Willie Walsh, another panellist, heaps high praise on the Taoiseach, the Tánaiste and the Government via getting in a few good digs at previous administrations. “I find it somewhat ironic that I was invited to participate in this panel and then spent two days fielding questions about my interest in acquiring Aer Lingus. The last time I expressed an interest in it I had to leave the country.”

The audience loves it – but he’s not finished. “In terms of image, I think it’s absolutely critical that we have a Taoiseach that can stand up with confidence and portray a confidence . . . to look HAPPY in terms of the job that he’s doing, to give us a sense of hope that we cannot just come through this, but come through it very strongly.”

The last word goes to Eamon Gilmore in a rather touching speech about the history of Dublin Castle. “The very stones in the walls around us are part of the fabric of our country’s history . . . Let us ask ourselves, how will we be judged 50 years from now by a generation of historians not yet born?”

At 8 o’clock, as Bono streaks across the Upper Yard to his transport, Bill is still inside glad-handing his fans. When he finally surfaces amid his scarily hostile secret servicemen, he looks almost hollow. Can you give us a word, president Clinton ?

He thinks for a long moment. “That you can and will get out of it and it’s a good thing that you’ve got all these people talking about how do to it.”

Well, it had been a long day.

QUOTES FROM CLINTON’S SPEECH

I think right now, the world thinks more of Ireland than many Irish think of their own country

What we have to decide is whether it’s a future of shared benefits and shared responsibilities or a winner-take-all future

This is a small country that loves its past but there’s a difference in knowing it and feeling it . . . Start conducting a huge number of oral histories, starting with people over 80 . . . so they can tell the story of how Ireland emerged from abject poverty to the fastest growing economy in Europe . . . And publicise it widely because too many young people feel like a failure because they have never known collective failure.

The last big decision you’ve got is what are you gonna do about the mortgage deal. The quicker you flush that out, the quicker you’re going to generate small business and domestic demand and growth.

Everybody in the world thinks you’ve done an unbelievable job of managing a miserable situation – but that’s cold comfort for the people who haven’t enough money to buy a suit let alone make a mortgage payment and are worried they’ll never have a job . . . You have to go get those people because you need them too. All of them.”

The only real cloud hanging over you is you’re still pretty dependent on exports to Europe . . . You’re good at exporting . . . China is not the only rising economy . . . You can do a lot for the Indians . . . Brazil is the most environmentally responsible big rising country on earth . . .

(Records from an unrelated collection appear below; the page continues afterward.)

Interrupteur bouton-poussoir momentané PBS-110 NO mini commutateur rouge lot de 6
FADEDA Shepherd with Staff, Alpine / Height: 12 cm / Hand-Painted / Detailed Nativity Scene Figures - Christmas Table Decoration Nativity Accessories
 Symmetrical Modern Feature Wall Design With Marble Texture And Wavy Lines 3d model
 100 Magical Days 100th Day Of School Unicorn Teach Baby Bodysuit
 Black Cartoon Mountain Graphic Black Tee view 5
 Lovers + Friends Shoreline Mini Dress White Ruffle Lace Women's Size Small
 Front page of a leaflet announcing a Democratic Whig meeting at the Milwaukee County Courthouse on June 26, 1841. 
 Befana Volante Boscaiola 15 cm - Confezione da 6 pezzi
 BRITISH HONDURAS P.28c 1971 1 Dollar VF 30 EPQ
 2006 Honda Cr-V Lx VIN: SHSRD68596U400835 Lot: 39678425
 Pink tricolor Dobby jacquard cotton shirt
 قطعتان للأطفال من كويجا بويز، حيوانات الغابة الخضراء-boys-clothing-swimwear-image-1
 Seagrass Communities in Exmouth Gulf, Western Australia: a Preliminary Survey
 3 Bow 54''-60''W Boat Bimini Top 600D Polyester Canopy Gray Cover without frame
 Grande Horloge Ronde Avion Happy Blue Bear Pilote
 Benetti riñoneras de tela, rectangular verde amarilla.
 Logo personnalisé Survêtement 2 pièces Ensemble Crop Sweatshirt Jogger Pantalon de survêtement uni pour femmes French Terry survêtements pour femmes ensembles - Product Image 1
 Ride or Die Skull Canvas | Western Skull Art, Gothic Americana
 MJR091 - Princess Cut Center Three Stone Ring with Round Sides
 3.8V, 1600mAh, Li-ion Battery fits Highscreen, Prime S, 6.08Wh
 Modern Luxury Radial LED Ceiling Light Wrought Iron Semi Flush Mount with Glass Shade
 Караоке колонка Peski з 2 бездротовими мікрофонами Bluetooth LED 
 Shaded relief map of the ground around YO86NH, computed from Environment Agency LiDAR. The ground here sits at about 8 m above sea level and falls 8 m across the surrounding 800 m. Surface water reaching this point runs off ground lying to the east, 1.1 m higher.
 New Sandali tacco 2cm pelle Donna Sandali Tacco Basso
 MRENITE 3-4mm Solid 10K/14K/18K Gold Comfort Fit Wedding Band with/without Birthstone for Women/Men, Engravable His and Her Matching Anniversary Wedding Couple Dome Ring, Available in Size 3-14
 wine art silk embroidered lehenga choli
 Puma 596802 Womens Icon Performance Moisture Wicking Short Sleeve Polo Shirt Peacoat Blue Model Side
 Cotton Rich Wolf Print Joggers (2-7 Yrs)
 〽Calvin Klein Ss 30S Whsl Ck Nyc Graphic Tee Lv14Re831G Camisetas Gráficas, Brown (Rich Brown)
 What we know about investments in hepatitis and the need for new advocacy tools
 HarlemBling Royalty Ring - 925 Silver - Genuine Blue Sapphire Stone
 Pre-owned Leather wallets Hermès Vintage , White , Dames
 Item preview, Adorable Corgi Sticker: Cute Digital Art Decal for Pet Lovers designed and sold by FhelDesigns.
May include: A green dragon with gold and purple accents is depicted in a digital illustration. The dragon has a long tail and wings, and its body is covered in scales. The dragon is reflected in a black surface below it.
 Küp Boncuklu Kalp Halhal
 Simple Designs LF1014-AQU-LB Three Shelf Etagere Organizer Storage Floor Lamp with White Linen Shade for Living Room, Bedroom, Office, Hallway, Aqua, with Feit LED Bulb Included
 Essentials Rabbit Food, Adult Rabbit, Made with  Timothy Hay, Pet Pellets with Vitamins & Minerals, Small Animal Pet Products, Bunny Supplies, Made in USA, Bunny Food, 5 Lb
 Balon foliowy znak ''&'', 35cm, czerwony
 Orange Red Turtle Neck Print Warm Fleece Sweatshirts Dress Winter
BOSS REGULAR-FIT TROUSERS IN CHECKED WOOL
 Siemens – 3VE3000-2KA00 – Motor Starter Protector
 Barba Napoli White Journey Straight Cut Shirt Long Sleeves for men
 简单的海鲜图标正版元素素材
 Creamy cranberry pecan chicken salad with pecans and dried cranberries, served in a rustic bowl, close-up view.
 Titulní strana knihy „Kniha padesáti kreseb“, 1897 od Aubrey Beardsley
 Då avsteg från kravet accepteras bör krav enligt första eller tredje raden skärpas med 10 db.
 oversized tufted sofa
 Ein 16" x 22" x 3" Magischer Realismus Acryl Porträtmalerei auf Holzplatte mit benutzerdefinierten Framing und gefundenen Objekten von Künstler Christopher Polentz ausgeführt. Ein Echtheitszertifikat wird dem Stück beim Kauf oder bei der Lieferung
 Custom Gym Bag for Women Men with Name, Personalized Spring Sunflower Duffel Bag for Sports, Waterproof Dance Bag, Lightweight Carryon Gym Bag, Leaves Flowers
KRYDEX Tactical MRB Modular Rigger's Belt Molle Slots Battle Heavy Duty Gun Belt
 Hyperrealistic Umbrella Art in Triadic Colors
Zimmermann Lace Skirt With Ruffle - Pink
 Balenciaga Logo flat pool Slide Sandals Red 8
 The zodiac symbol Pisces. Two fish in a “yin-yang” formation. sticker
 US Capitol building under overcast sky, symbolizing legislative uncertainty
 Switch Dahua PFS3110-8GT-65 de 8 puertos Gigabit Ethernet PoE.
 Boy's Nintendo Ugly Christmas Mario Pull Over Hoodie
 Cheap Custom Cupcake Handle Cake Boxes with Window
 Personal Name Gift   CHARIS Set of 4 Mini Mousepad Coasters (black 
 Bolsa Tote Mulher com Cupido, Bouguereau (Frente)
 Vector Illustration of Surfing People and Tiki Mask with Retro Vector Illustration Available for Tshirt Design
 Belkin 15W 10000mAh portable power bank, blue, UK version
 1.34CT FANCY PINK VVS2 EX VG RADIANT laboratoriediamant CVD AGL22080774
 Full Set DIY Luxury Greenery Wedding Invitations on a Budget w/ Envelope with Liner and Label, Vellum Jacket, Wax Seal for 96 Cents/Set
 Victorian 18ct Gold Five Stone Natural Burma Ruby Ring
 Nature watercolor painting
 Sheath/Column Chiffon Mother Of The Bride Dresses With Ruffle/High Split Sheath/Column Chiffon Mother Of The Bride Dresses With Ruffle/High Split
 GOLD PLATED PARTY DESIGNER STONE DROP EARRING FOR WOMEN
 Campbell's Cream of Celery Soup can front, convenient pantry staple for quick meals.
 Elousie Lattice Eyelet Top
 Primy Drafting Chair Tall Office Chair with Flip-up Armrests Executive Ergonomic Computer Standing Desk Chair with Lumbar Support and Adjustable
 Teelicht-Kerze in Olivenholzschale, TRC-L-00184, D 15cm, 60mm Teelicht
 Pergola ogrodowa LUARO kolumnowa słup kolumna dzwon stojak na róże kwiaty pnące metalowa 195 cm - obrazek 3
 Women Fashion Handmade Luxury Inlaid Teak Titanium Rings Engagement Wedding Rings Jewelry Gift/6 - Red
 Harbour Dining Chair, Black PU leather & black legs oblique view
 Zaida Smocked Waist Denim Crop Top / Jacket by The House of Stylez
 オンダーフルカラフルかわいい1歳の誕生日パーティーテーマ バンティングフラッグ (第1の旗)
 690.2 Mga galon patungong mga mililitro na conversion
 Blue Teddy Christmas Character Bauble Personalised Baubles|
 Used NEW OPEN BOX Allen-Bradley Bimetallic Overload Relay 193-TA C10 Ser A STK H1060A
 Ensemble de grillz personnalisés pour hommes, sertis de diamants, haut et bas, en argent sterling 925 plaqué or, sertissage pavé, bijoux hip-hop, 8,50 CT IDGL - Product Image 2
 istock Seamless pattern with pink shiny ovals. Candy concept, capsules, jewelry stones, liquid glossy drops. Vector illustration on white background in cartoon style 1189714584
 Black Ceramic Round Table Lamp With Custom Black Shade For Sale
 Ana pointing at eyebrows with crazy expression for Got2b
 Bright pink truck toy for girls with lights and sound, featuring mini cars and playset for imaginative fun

American companies now have two trillion dollars in cash reserves . . . You ought to target the companies that you know are rolling in dough.

People like us, we’re sort of professional Irish-Americans. We’re never happier in America than when we go to some Irish event and we tell each other what good Irish people we are and how much we love it. It’s like when we don’t do it, we have DTs or something . . .

You think you have a lot of tourists, but you could get a lot more . . . Dublin before the crash was the 16th most expensive city in the world, it’s now 43rd. That may be a bummer for a lot of you but it’s a marketing tool that you ought to be able to use . . . You already paid the misery, you might as well get some of the advantage of it.

Don’t spend all your time trying to keep bad things from happening. Spend lots of time trying to make good things happen.